Dataset content:
════════════════════
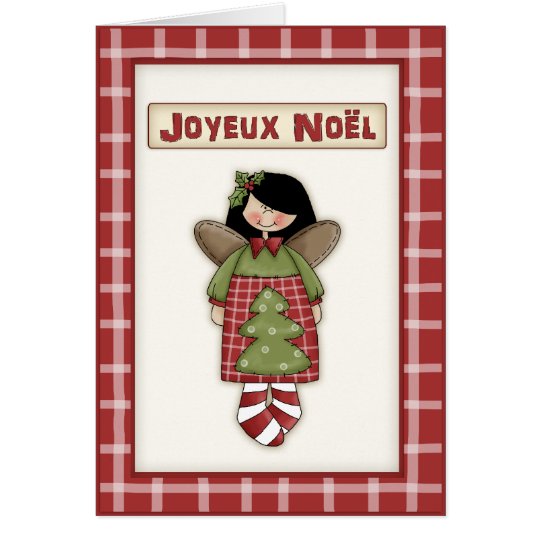 Whimsical Christmas Angel in French Language Card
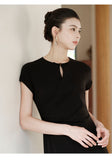 Lace Black Slim Fit Cheongsam Dress
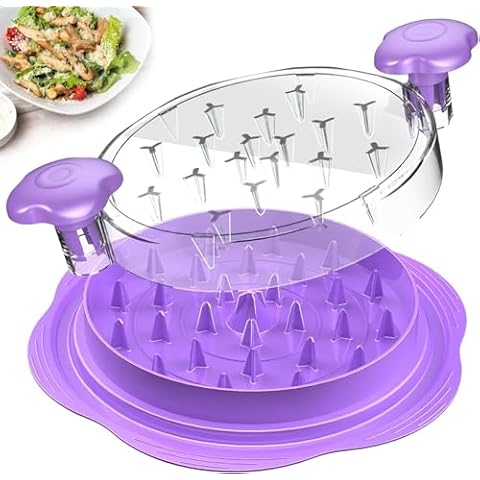 Chicken Shredder Tool, Twist Design with Brush, Large Size for Chicken Breasts, Visible Clear Cover, Ergonomic Handle, Anti-Slip Strip (Purple) Cover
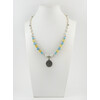 Exclusive necklace &quot;Ustina&quot; Pearls, rice, Aquamarine, Citrine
════════════════════
What you will do:
Output the material above exactly, without pictures.

Response area:
 Whimsical Christmas Angel in French Language Card
 Lace Black Slim Fit Cheongsam Dress
 Chicken Shredder Tool, Twist Design with Brush, Large Size for Chicken Breasts, Visible Clear Cover, Ergonomic Handle, Anti-Slip Strip (Purple) Cover
 Exclusive necklace &quot;Ustina&quot; Pearls, rice, Aquamarine, Citrine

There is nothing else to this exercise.